Chapter 13: Spirituality and Aging

Look around most congregations at worship and witness the courage and persistence of the aged men and women who arrive with walkers and oxygen tanks, often transported by other older people less encumbered by health problems. Sharing pews with noisy babies, children with crayons, bored teens, and distracted parents, they sing and pray, sit in silence, listen to scripture and sermons, rise and sit as they are able, share the Eucharist if Christian, and exit in friendly conversation with fellow travelers. In the hymns, prayers, scripture readings, and sermons, they hear of love and forgiveness, gratitude and hope, despair and lamentation, anger, fear, and awe. In no other community do persons of so many different backgrounds and ages meet regularly to consider the human condition and turn to the sacred for an enduring sense of meaning and purpose in life

(McFadden, 2003).

Introduction

In the last few decades gerontologists have become increasingly aware of the importance of spirituality to the well-being of seniors. Spirituality is difficult to define and describe. It is a concept that is highly personal, often private, and hard to put into words.

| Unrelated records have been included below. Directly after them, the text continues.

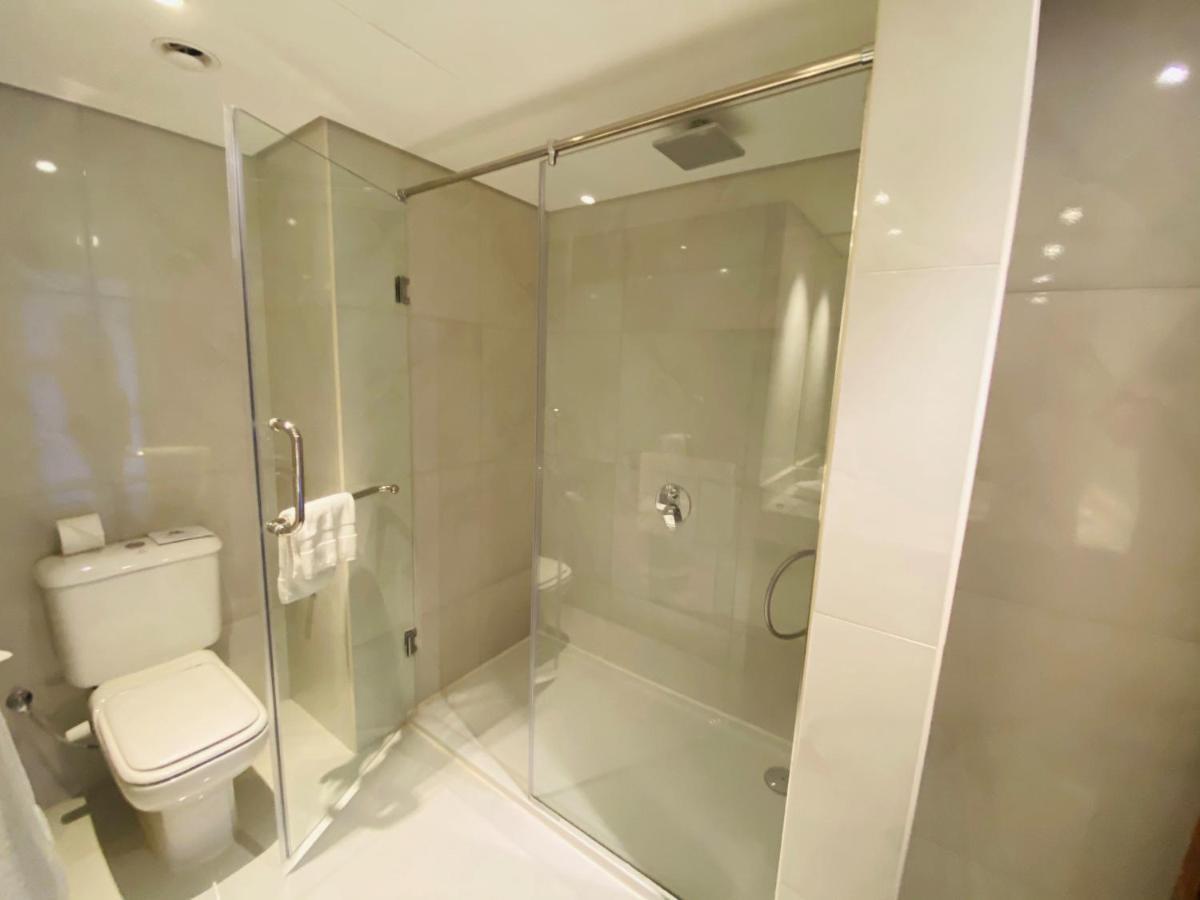 Hurghada Suites & Apartments Serviced By Marriott Zewnętrze zdjęcie A shower cubicle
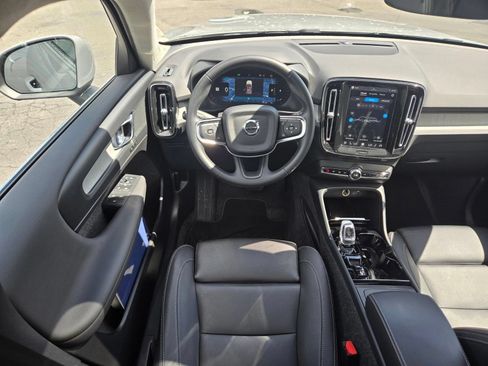 Certified 2025 Volvo XC40 B5 Plus AWD/4WD image 20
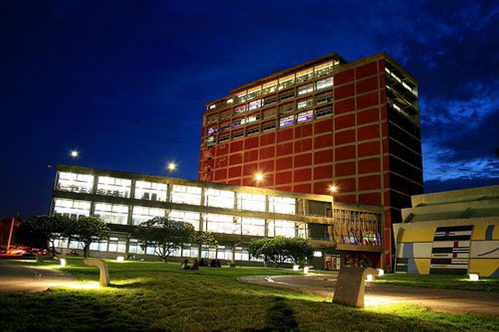 Biblioteca Central de noche.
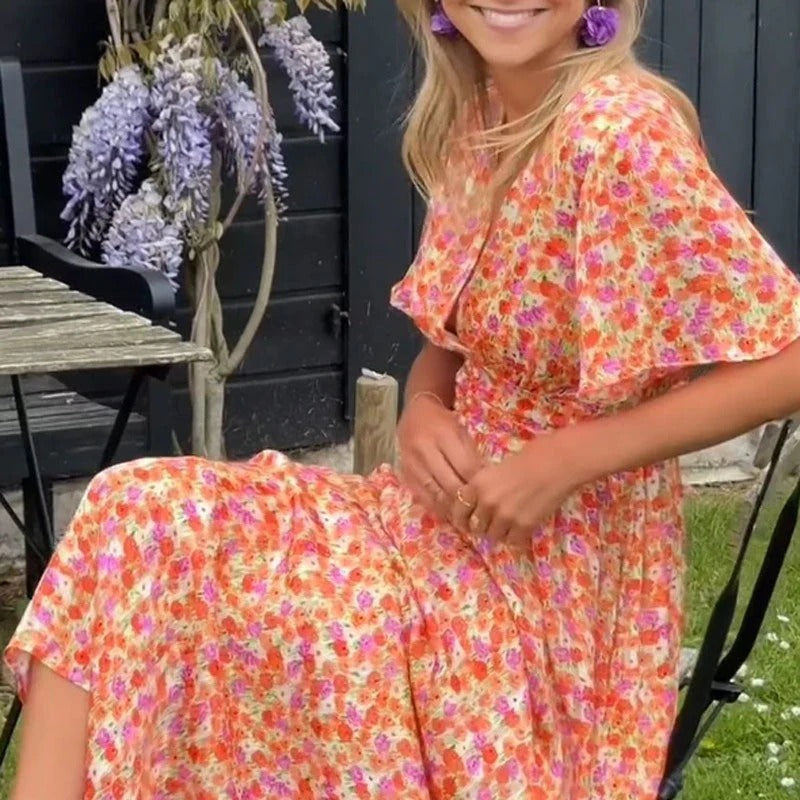 Brianna – Elegant V-Neck Dress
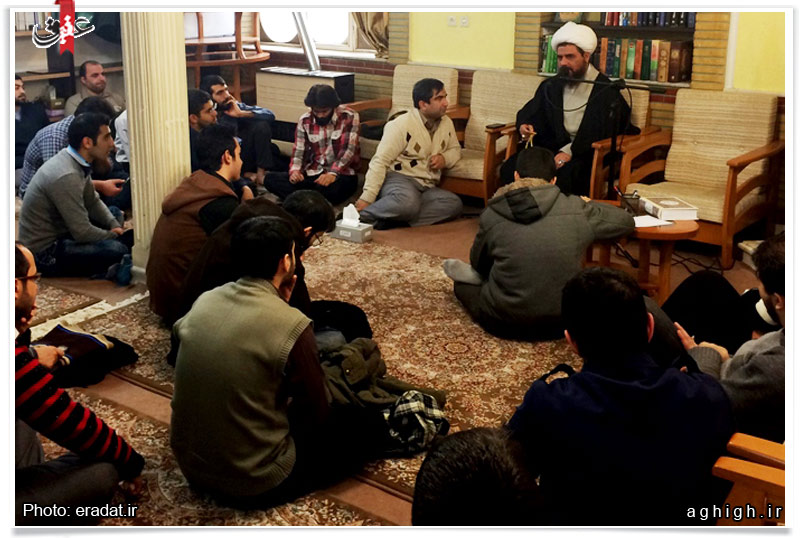 جلسه شعر آیینی «مکتوب اشک» در مجمع شاعران اهل بیت(ع)  برگزار شد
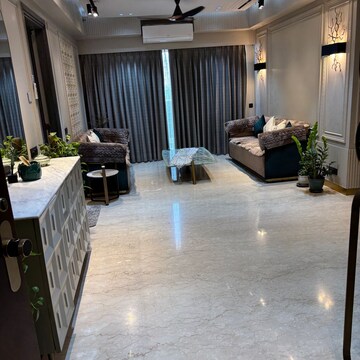 Swimming Pool in 3.5 BHK Apartment at M3M Latitude, Sector 65 – for Sale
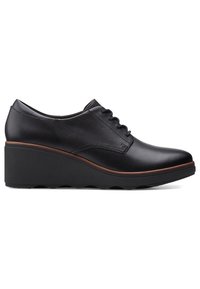 Chaussure compensée en cuir noir avec fermeture à lacets, bout arrondi et semelle légèrement texturée, vue de côté sur fond blanc.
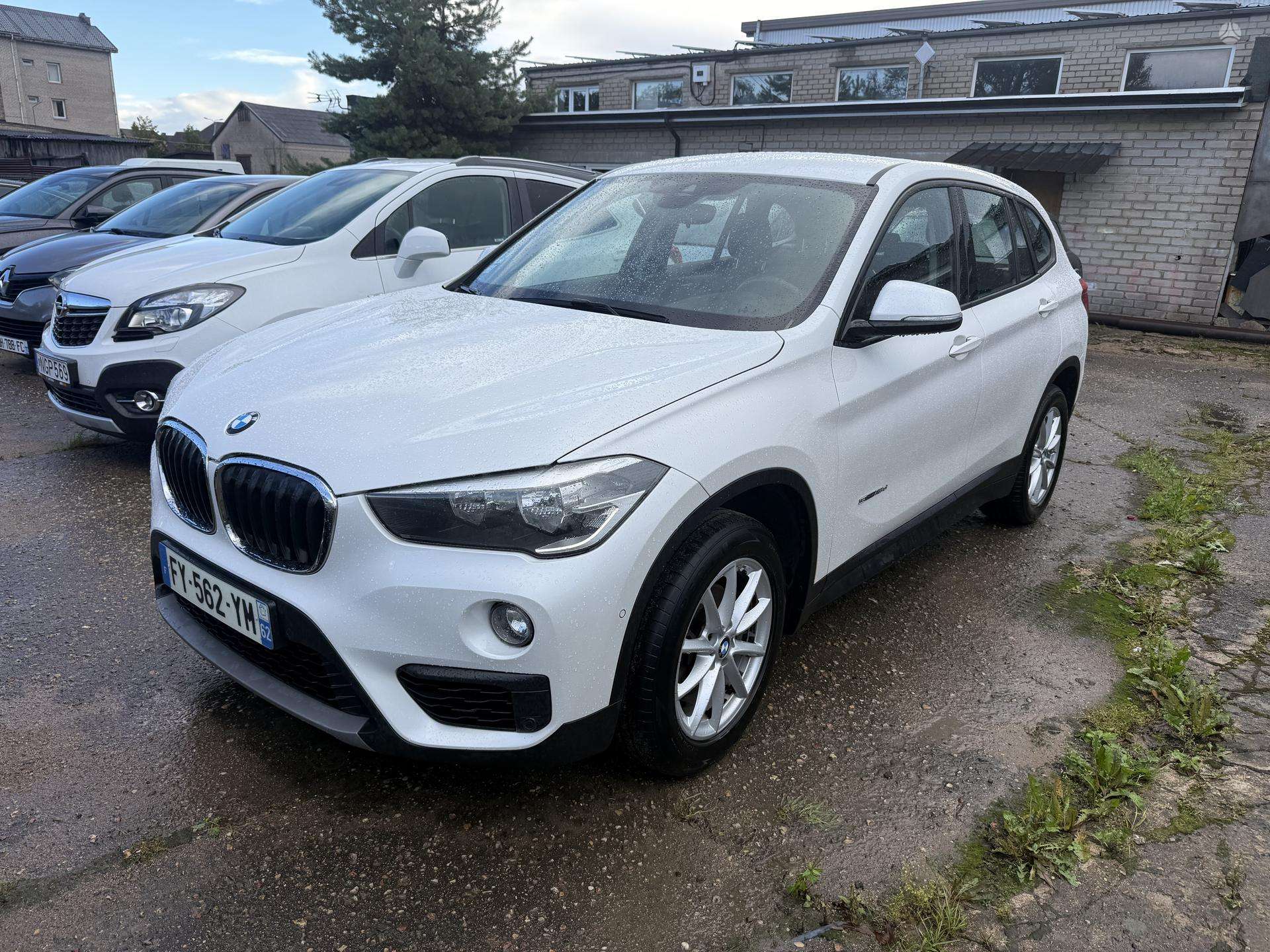 BMW X1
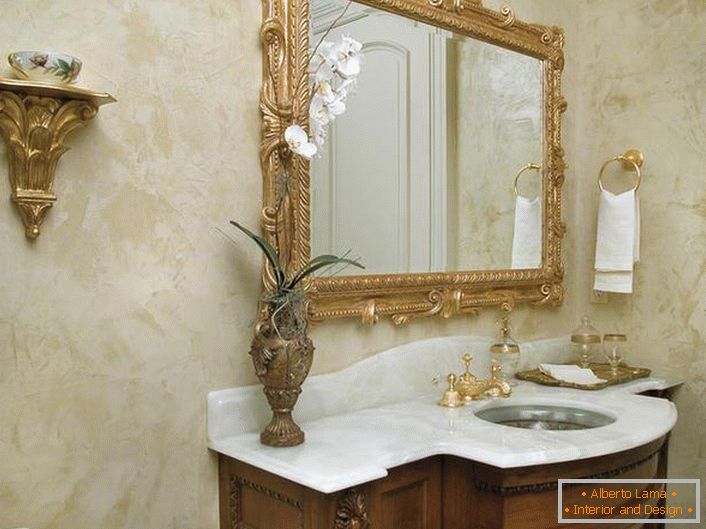 El veneciano штукатурка в ванной комнате в стиле модерн.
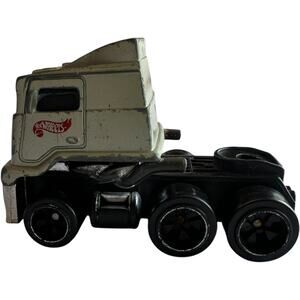 Hot Wheels Semi Truck White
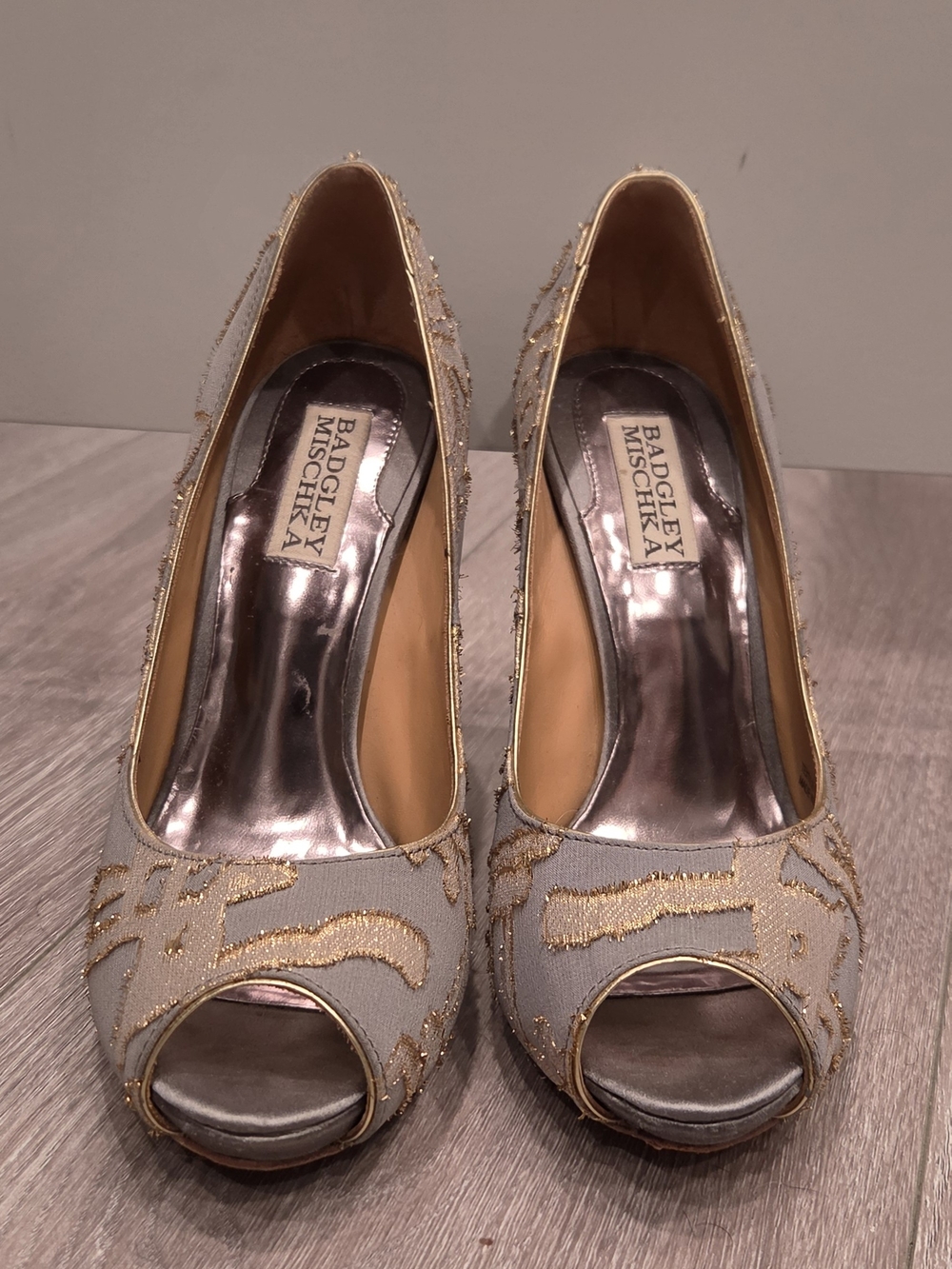 Badgley Mischka Gold-Embroidered Silver Peep-Toe Pumps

For most, spirituality is an inward experience.

Gerontologists often define spirituality with a description that came from the 1971 White House Conference on Aging: “the basic value around which all other values are focused, the central philosophy of life—whether religious, antireligious, or nonreligious—which guides a person’s conduct, the supernatural and nonmaterial dimensions of human nature” (Moberg, 1971). While this definition mentions familiar terms and concepts that most people would agree relate to spirituality, currently there is no real consensus on a standardized meaning of the term.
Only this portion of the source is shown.